It's Not Just Frozen Water!

Sometimes the glacial ice appears almost turquoise. Its crystalline structure strongly scatters blue light. The ice on a glacier has been there for a really long time and has been compacted down so that its structure is pretty different from the ice you normally see. Glacial ice is a lot different from the frozen water you get out of the freezer.

It's Not Just Frozen Snow!

Glacial ice is not just frozen compacted snow. There are other things in the ice that make it much different from the ice in your home. Glaciers move through rock and soil as they carve their way down a slope. This means the ice is going to have a lot more ingredients than just water.

Wow! Just Imagine...

What would happen if you broke off a big chunk of ice from a glacier and put it in your glass of water? Would it be any different from the ice in your freezer at home? What would happen to all those air bubbles that have been trapped under pressure?

  • If your chunk of glacial ice melted in your glass of water, you would have dirt, gravel, and even organic matter [living stuff] in your water.
  • All those pressurized air bubbles would rush out so fast that they might explode your glass!

Why is Glacier Ice Blue?

Vocabulary Words
absorb
reflect
spectrum
organic matter

Review Questions
(some of the answers may come from the vocabulary list)

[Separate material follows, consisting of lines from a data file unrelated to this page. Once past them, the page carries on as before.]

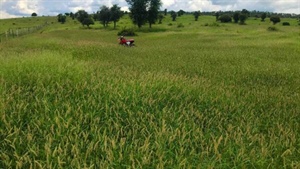 Sweet, well-improved grazing country with a highway frontage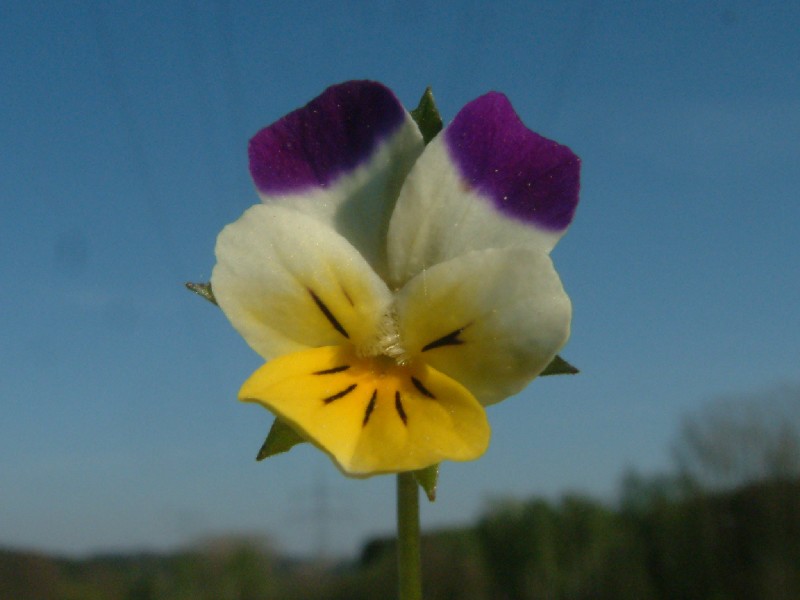 Viola arvensis 3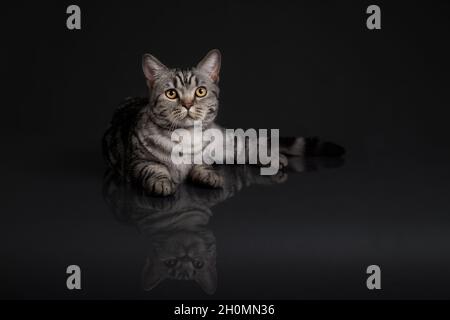 Katzenportrait im Studio liegend auf schwarzem Hintergrund mit Spiegelung Stockfoto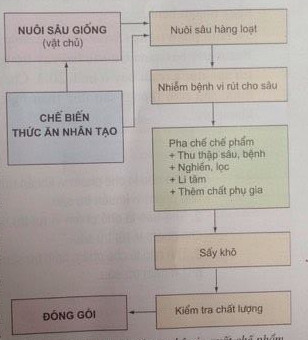 Giải bài tập SGK Công nghệ lớp 10 bài 20: Ứng dụng công nghệ vi sinh sản xuất chế phẩm bảo vệ thực vật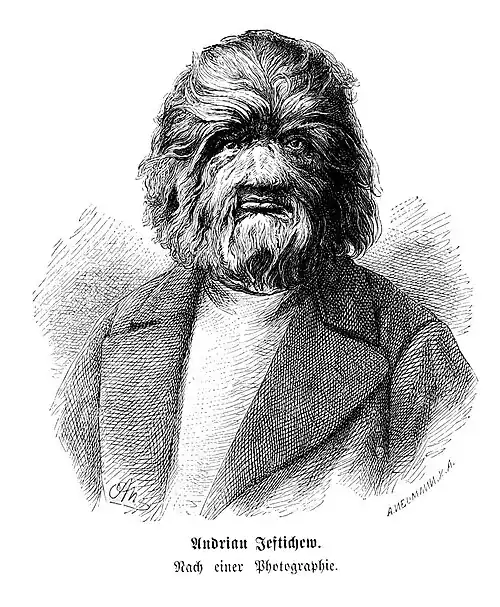 Die Gartenlaube (1874) b 061.jpg Andrian Jeftichew. Nach einer Photographie.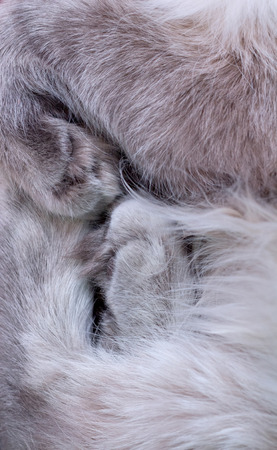 Paws gray cat close up. Flexed. Fluffyの写真素材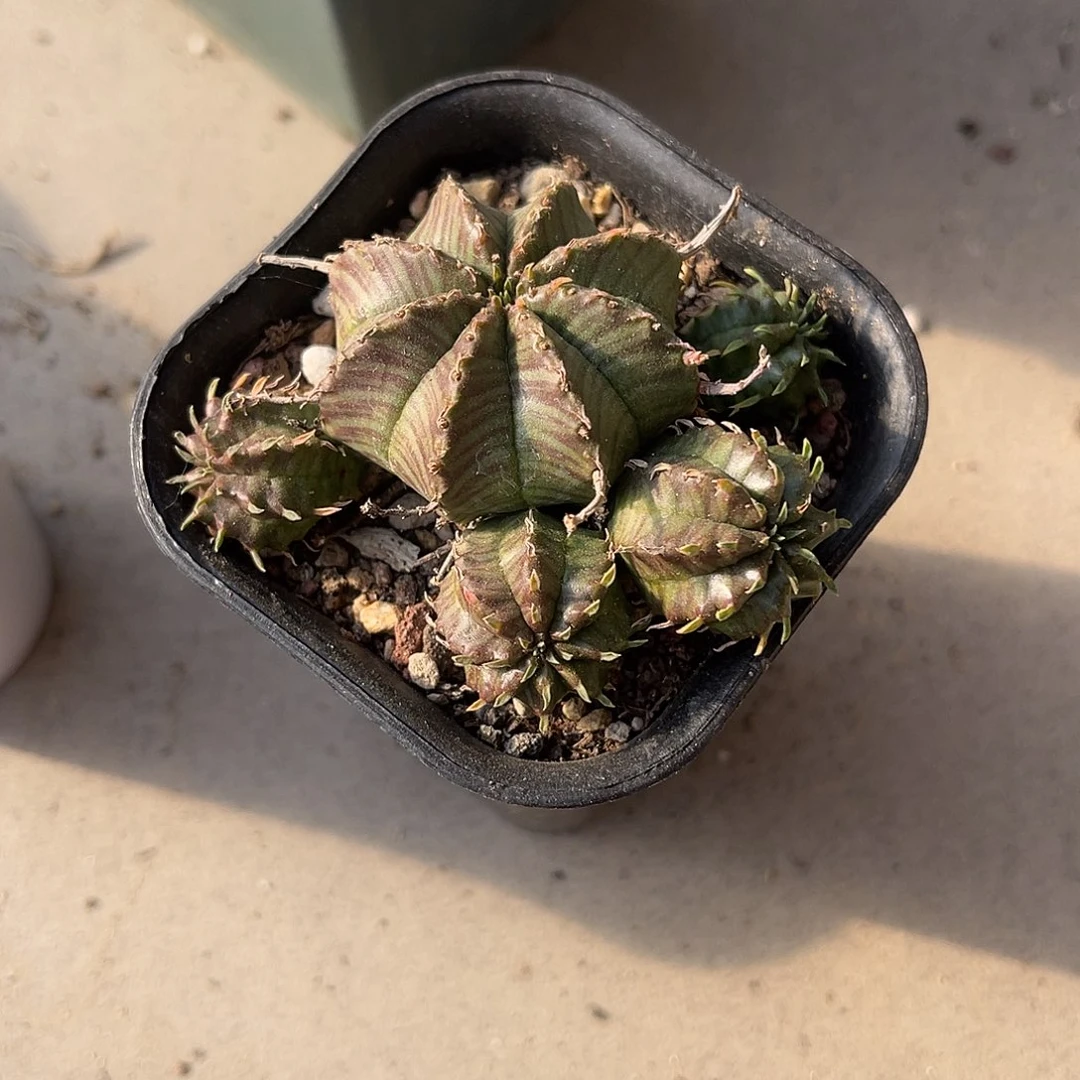 法利达大群一物一拍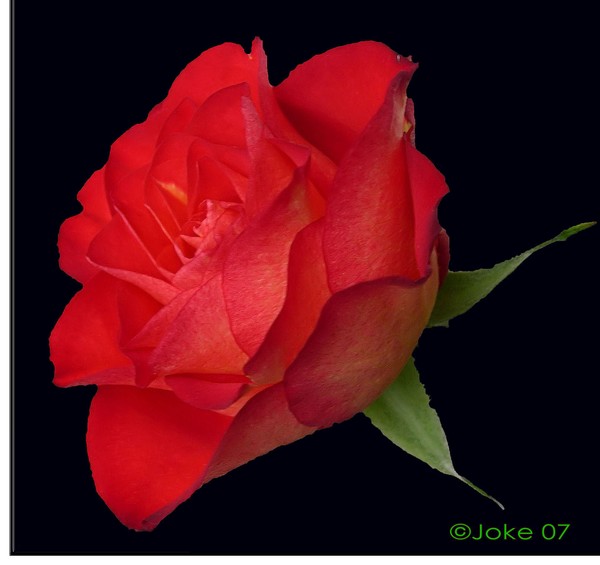 For Alberto D
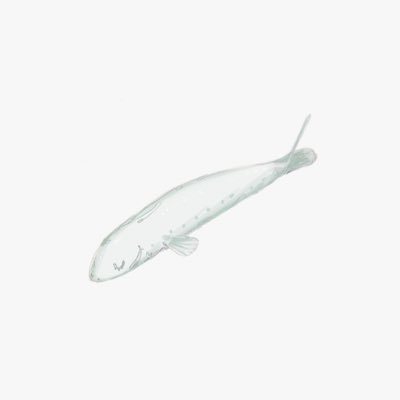 mitoumeiさんのプロフィール画像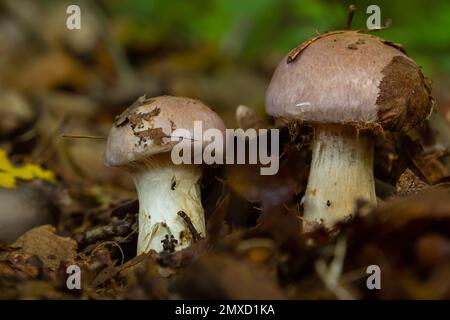 Petite tête de lit géante, Cortinarius traganus, champignons toxiques en forêt, foyer sélectif, DOF peu profond. Banque D'Images
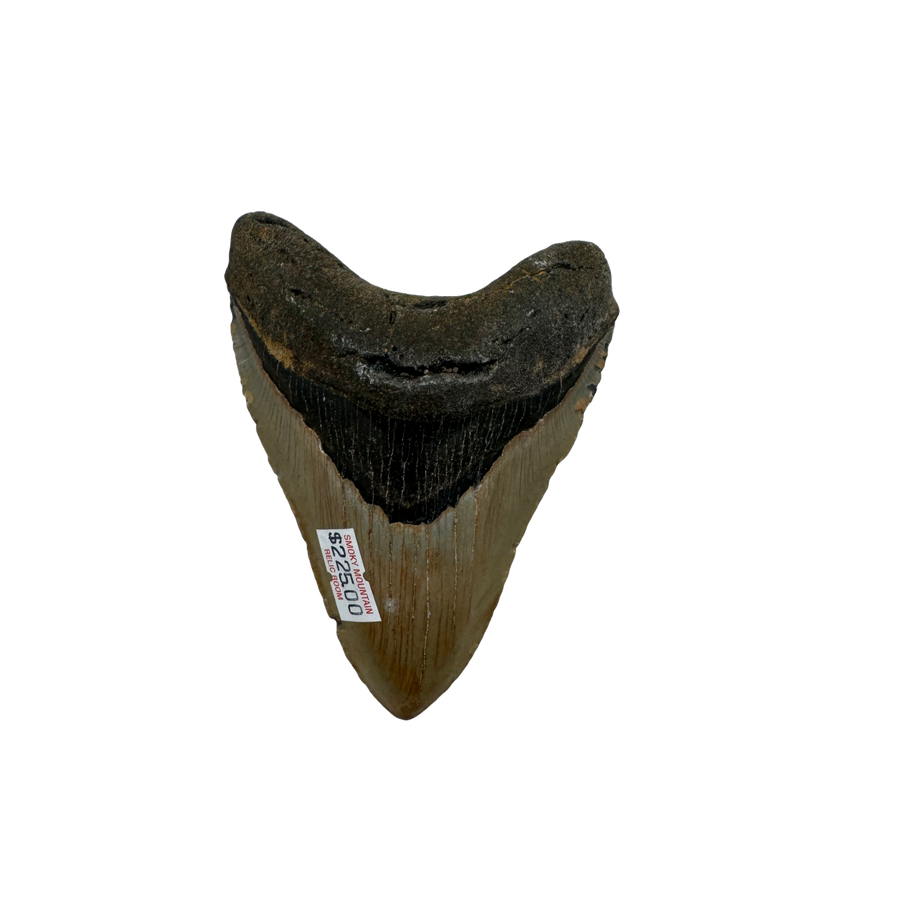 Megalodon Tooth A+ grade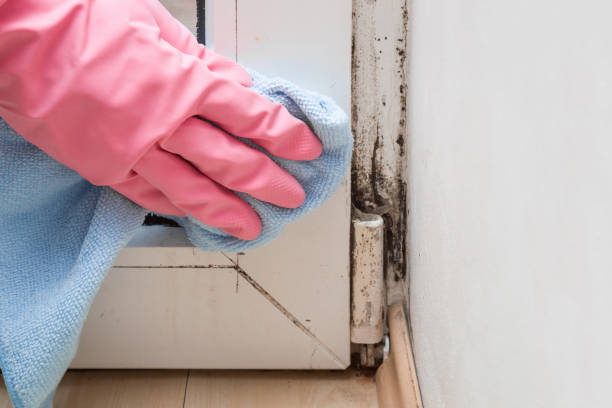 Best Attic Mold Remediation in Panguitch, UT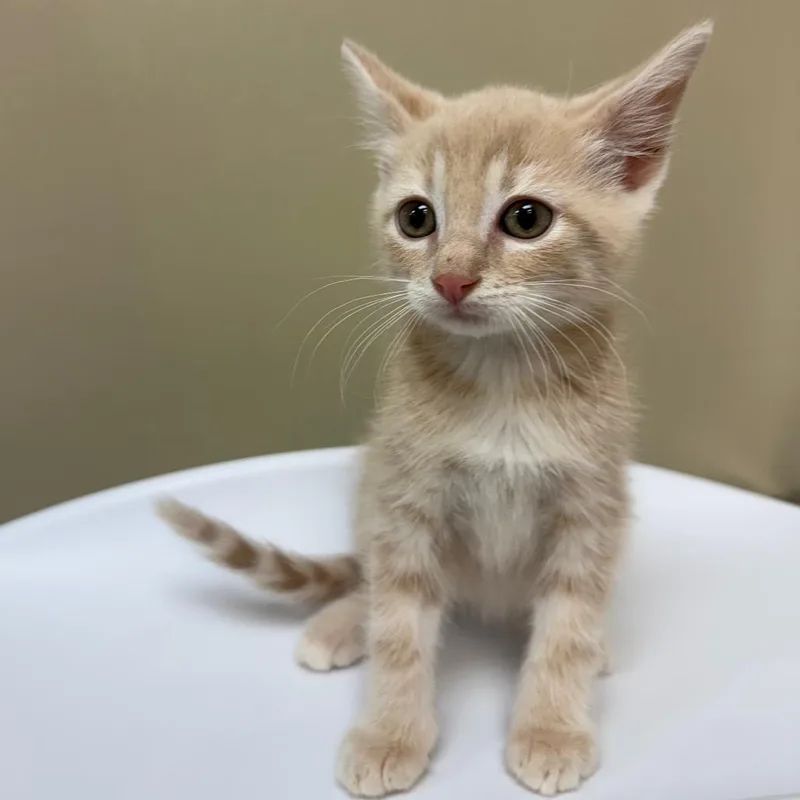 A baby small-sized female Buff / Tan / Fawn Domestic Short Hair cat named Ruby for adoption in Birmingham, AL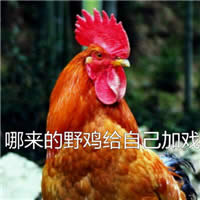 �u������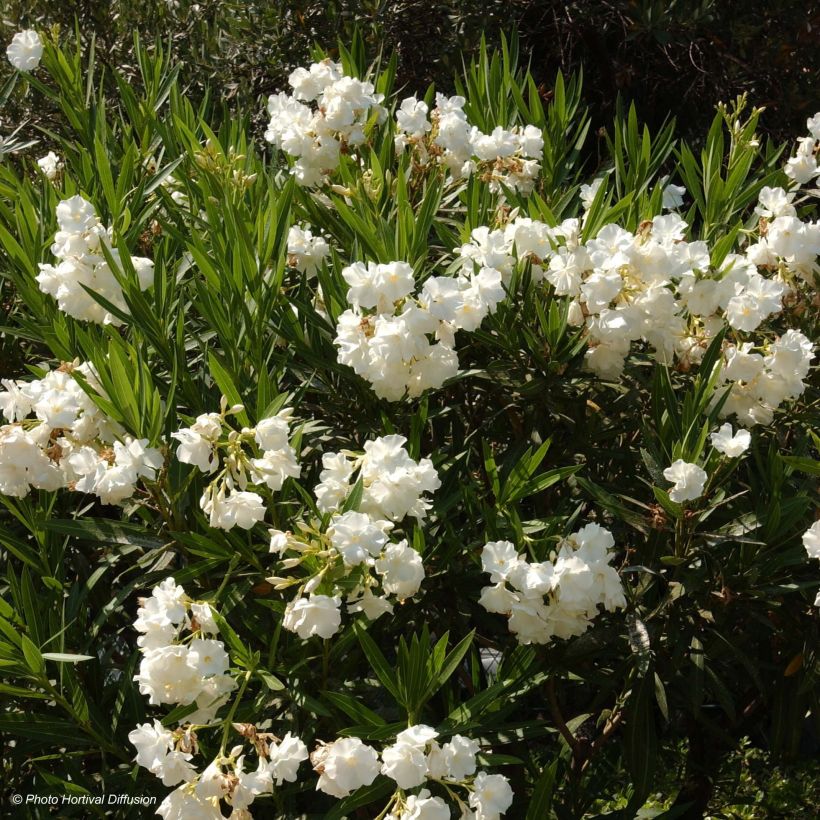 Nerium oleander White - Oleandro (Flowering)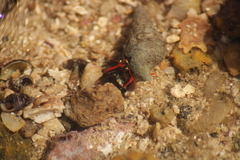 Calcinus californiensis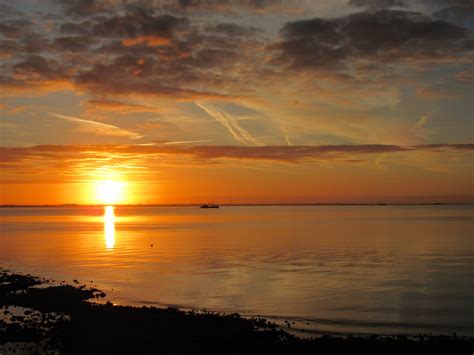 Kats Door Geeske Harkema Kats Genieten Bij Zonsopkomst Va Flickr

  1. Glacier ice is so blue because the dense ice of a glacier absorbs/reflects (circle one) every other color of the spectrum except blue/yellow (circle one).
  2. Glacial ice is different than regular ice. True or False?
  3. Are there rocks in glacial ice? Why or Why not?
  4. What could happen to your glass of water if you dumped glacial ice in it?
  5. What is the stuff called that is either alive now or was alive in the past (it may be trapped in glacier ice)?
  6. True or False: Glacial ice is just like the water in your freezer.
  7. What would be in your glass of water if the glacial ice melted?
  8. Glaciers are just frozen compacted snow. True or False?
  9. The ice on a glacier has been there for a long time and has been compacted down. True or False?
  10. Brain Challenge!
  11. If all the glaciers in the world melted, what would happen? (Use your imagination!)

Exercise: Blue Ice
1. Glacier ice is blue because:

  1. Its structure strongly scatters or reflects blue light
  2. It is lonely
  3. It absorbs every other color in the spectrum except blue
  4. Yellow and green make blue

2. Think about it:
How is glacier ice different from the ice in your freezer?

Project: Bubbles in an Ice Cube

Glacier ice is highly pressurized. Bubbles in glacier ice get squeezed and pushed around. Sometimes you can see round bubbles that have been squeezed into long rods or flat plains. Coarse-bubbly ice looks whiter than most other ice because it is filled with small bubbles. This kind is usually found near ablation areas of a glacier. Coarse-clear ice is free of bubbles and is the bluest ice of all. This kind is usually found near the margins and terminus of a glacier.

Look at ice cubes formed in your freezer. These ice cubes first froze on their outsides and trapped air bubbles toward the center. As a result, the exterior is bubble-free while the interior has bubbles. Bubbles between the outside and the inside of the cube are probably longer and more extended. Can you see the differences?